§ Work to be completed
Working down the material below, reproduce exactly every line from the one containing "2017 Chrysler 300" to the last line, and only those.

§ Data

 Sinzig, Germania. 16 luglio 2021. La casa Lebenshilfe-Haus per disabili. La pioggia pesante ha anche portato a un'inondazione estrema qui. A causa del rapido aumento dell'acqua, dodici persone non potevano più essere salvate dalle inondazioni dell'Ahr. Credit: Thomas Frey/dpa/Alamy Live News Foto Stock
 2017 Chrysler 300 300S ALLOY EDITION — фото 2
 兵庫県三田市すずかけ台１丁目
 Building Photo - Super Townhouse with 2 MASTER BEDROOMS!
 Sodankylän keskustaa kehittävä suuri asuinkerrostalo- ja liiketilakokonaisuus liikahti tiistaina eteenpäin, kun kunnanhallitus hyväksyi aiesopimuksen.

§ Answer area
 2017 Chrysler 300 300S ALLOY EDITION — фото 2
 兵庫県三田市すずかけ台１丁目
 Building Photo - Super Townhouse with 2 MASTER BEDROOMS!
 Sodankylän keskustaa kehittävä suuri asuinkerrostalo- ja liiketilakokonaisuus liikahti tiistaina eteenpäin, kun kunnanhallitus hyväksyi aiesopimuksen.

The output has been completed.